RAGGETT/HTML4

Volume 5, Issue 9, October 15, 1998
Telecommunications Electronic Reviews (TER) is a publication of the Library and Information Technology Association.

HTML 4


REVIEW OF: Dave Raggett, Jenny Lam, Ian Alexander, and Michael Kmiec. Raggett on HTML 4, 2nd ed. Reading, MA: Addison-Wesley, 1998. by Martin R. Kalfatovic (http://www.lita.org/ter/ter-5-9.html)

With so much information on HTML (Hypertext Markup Language) available for the free Web browsing, any guidebook, manual or handbook that costs more than the paper it would take to print out its Web competitor had better be very good. Raggett on HTML 4 meets this criteria.

For the experienced HTML writer, be forewarned: HTML 4.0 is a much different creature than the previous standard version, HTML 3.2. HTML 4.0 introduces a number of new tags, features, and functionality that allow you to use HTML to create screen layouts that approach the look of desktop publishing. Unfortunately, your "old" browsers will be unable to interpret much of what's new in HTML 4.0, and page designers will have to be careful to create pages that degrade for the majority of the world who are not yet (in early 1998) using an HTML 4.0 compliant browser such as Netscape 4.0 or Internet Explorer 4.0.

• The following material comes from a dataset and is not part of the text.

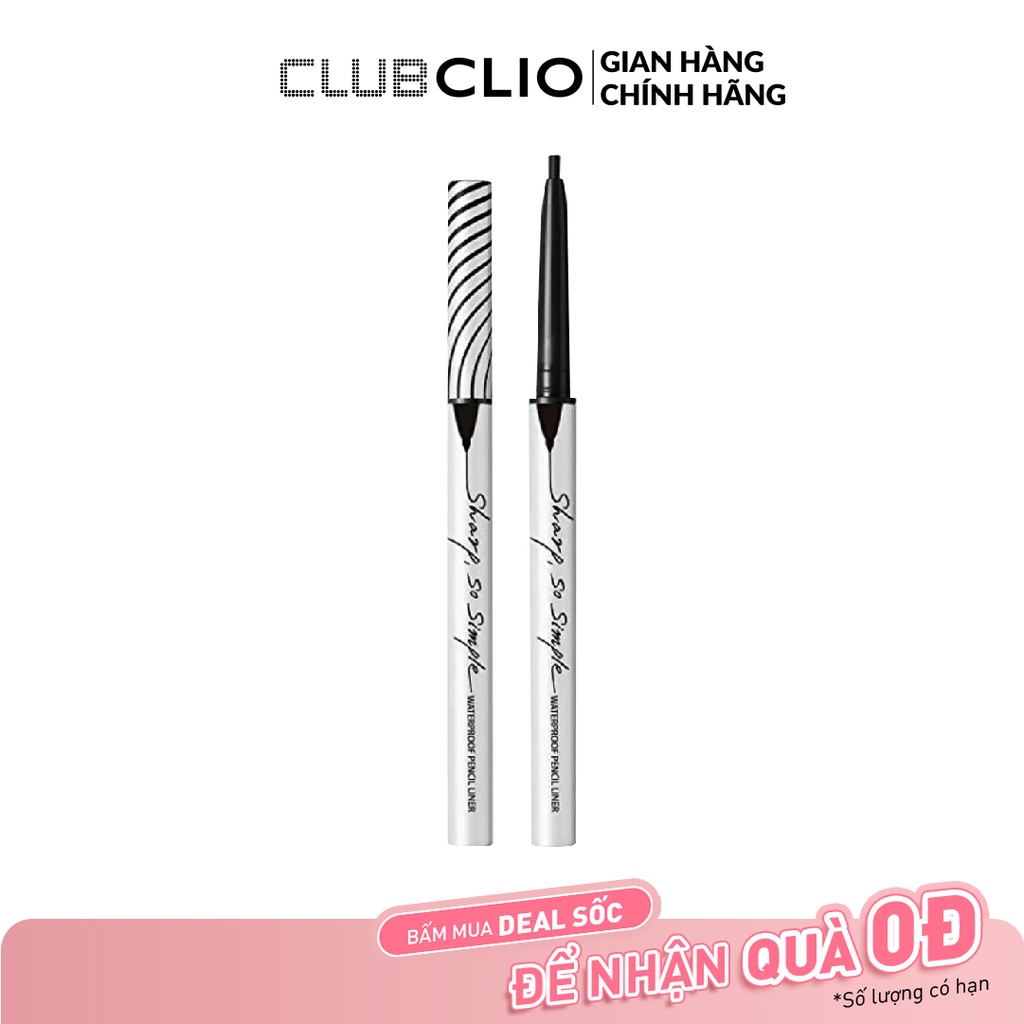 Viền Mắt Clio Sharp, So Simple Waterproof Pencil Liner 0.14g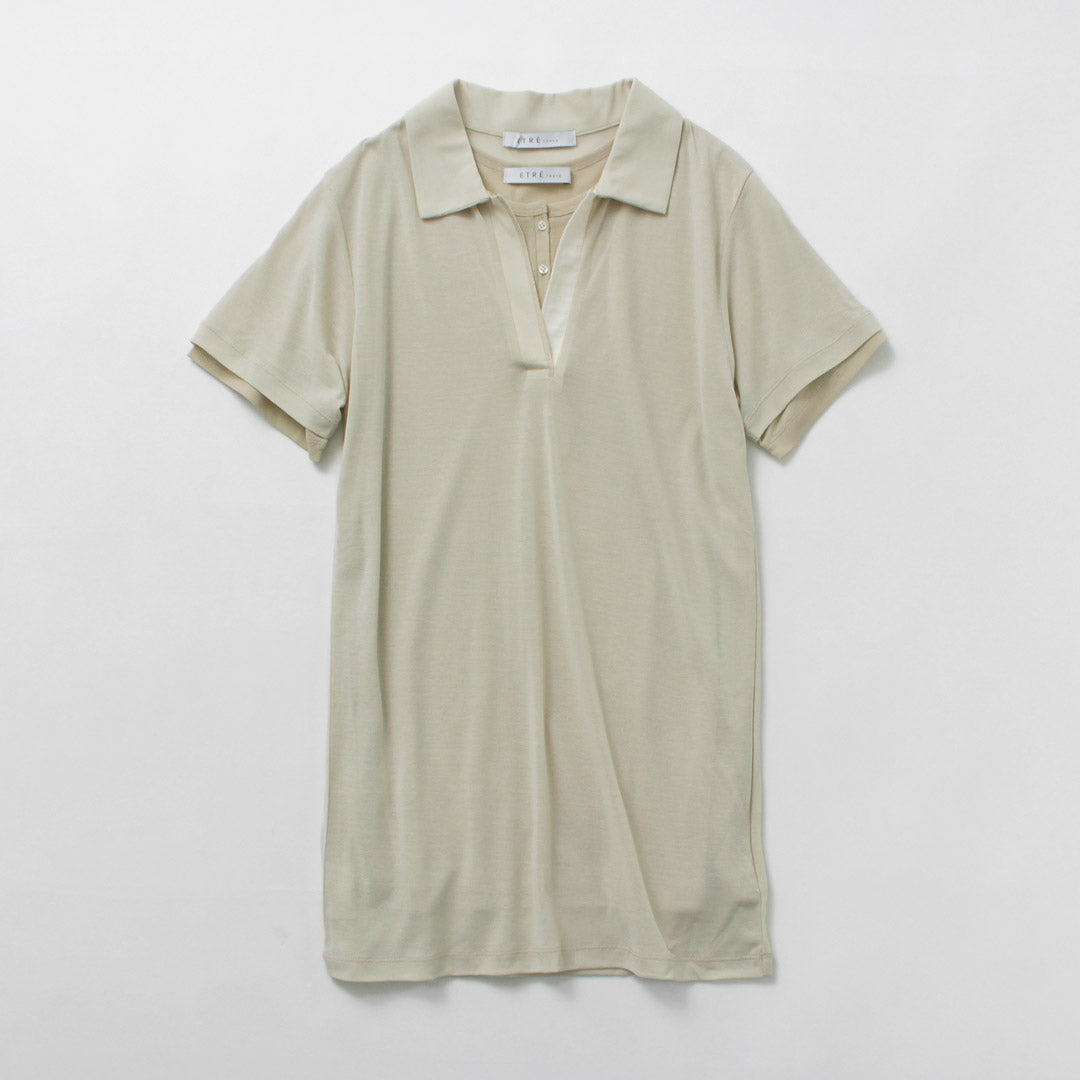 ETRE TOKYO（エトレトウキョウ） ヘンリーポロ レイヤードセット プル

Dave Raggett, a member of the World Web Consortium (W3C) for HTML, heads up a team of authors (Jenny Lam, Ian Alexander and Michael Kmiec) in this second edition of his work. Though there are occasional slips in the text that indicate that a sentence or paragraph was not updated from the first edition, in total, the book shows extensive revision and updating from the first edition. The authors also include the obligatory introduction to the WWW and a history of HTML and an introduction to Internet conventions for the newly initiated. Raggett and company keep a wry sense of humor throughout. Their various examples are both useful and display--as befitting Raggett's United Kingdom origins--a cool humor and British slant.

The authors start with a simple tutorial that will guide you through the process of creating an HTML document that incorporates elements of HTML 4.0. In logical progression, how to control various parts of the document are handled in turn. Paragraphs, character emphasis, lists, hypertext links, and graphics are each discussed in their own chapters.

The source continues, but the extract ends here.